UK music concert listings website and ticket aggregator

Livemusic is a UK music concert listings website and ticket aggregator. It enables users to compare ticket prices between ticket agents (including Ticketmaster and Seatwave), follow artists to receive email alerts with information on gigs, connect with fellow gig-attendees, and post their own reviews. Livemusic has over 40,000 pages of band and artist profiles, and hosts a catalogue of exclusive interviews and videos for popular artists.

== History ==

Livemusic was founded in 2007 by Mick Newton (CEO) and his son Ben Newton (COO). Prior to the foundation of Livemusic, Mick worked alongside Tom Watkins, co-managing 80s pop band Bros. Mick then went on to manage Grammy Award winner Steve Winwood, until 2008, his final project being to arrange for Winwood to perform with Eric Clapton at three sold-out shows at Madison Square Garden.

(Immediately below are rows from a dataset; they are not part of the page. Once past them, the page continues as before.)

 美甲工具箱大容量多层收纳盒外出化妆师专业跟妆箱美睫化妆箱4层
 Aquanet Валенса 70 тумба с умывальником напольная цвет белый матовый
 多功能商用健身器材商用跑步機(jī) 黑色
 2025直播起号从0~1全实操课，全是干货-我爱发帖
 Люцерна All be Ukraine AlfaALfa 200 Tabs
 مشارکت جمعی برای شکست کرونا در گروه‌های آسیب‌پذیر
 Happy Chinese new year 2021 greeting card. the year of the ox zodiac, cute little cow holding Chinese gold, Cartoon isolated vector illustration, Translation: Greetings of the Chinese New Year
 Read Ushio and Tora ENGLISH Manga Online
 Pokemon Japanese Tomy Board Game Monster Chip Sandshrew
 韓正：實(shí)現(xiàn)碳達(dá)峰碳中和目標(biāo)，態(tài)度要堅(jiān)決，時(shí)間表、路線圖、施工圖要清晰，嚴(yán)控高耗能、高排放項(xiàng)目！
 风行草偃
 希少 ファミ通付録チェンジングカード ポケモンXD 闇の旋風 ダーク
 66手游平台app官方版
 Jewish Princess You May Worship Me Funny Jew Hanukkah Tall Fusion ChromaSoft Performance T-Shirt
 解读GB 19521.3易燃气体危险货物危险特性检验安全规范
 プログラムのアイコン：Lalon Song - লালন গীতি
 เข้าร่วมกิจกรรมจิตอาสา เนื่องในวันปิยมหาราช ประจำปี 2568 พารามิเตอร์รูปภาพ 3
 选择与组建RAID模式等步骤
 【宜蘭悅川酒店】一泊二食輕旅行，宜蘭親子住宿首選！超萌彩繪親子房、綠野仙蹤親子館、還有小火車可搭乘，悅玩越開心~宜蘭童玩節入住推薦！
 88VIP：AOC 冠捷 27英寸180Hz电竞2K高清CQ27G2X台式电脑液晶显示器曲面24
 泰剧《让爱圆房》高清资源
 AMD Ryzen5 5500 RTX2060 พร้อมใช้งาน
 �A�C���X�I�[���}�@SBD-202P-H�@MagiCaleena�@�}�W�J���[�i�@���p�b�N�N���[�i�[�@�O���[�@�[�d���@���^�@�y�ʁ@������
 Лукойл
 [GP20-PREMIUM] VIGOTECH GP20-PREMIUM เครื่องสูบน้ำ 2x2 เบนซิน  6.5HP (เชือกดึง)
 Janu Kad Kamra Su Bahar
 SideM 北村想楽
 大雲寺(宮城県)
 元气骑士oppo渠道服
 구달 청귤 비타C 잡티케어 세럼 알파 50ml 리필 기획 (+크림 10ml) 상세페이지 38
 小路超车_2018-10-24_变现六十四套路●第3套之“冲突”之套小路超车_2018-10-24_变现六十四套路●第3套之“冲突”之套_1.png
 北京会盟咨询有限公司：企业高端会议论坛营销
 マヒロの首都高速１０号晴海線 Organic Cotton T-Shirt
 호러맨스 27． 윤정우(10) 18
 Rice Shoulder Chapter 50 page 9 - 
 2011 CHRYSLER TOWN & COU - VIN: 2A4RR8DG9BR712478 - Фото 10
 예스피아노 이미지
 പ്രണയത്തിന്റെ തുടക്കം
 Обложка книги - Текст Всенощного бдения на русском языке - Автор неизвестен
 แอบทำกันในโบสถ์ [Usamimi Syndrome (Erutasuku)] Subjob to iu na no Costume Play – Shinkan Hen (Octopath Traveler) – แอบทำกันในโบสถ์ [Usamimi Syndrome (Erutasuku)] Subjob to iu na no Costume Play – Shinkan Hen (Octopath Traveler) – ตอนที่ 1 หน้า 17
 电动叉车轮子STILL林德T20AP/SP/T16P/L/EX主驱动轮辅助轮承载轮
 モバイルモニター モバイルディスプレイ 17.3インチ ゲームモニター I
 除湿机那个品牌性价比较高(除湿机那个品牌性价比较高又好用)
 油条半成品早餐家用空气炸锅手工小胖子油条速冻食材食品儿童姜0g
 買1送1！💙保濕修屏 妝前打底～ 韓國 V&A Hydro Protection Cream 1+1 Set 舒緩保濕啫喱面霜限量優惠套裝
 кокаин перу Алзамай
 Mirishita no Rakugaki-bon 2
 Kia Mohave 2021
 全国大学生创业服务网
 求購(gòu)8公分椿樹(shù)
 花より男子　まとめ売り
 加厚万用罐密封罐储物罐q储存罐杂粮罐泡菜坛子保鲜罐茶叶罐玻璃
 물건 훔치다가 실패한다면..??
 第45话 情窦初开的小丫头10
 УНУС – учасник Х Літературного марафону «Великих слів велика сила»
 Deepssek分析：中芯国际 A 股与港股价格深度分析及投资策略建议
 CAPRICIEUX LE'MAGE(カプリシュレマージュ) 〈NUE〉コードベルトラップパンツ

The company's head office is based within the Silicon Roundabout area of Shoreditch, East London.

In 2011, Livemusic announced the appointment to its board of Nick Gatfield (Chairman & CEO of Sony Music UK & Ireland), Giles Thorley (former CEO of Punch Taverns plc), and Peter Bond (Chairman, Bond Aviation Group, founder investor in Soho House Group).

== Services ==

Livemusic allows users to compare and purchase tickets for over 25,000 forthcoming gigs across the UK. Livemusic also offers a self-promotion service for unsigned bands called Live&Loud.

== Live&Loud ==

In October 2011, Livemusic launched Live&Loud, an online self-promotion tool and gig-booking service for unsigned bands that functions by matching them to available performance slots at small to medium-sized live music venues across the UK, promoting and selling tickets to the gigs, and rewarding bands with the fastest-growing social media profiles and most active fanbases, by offering them the chance to support a major signed band at a future sold-out Livemusic Student Union event. As of October 2011, 2000 UK bands have signed up to the service.

== Livemusic Student Union Tour ==

Livemusic stages tours at various Student Unions within UK Universities. The first event, which took place at King's College London in September 2011, was headlined by Miles Kane.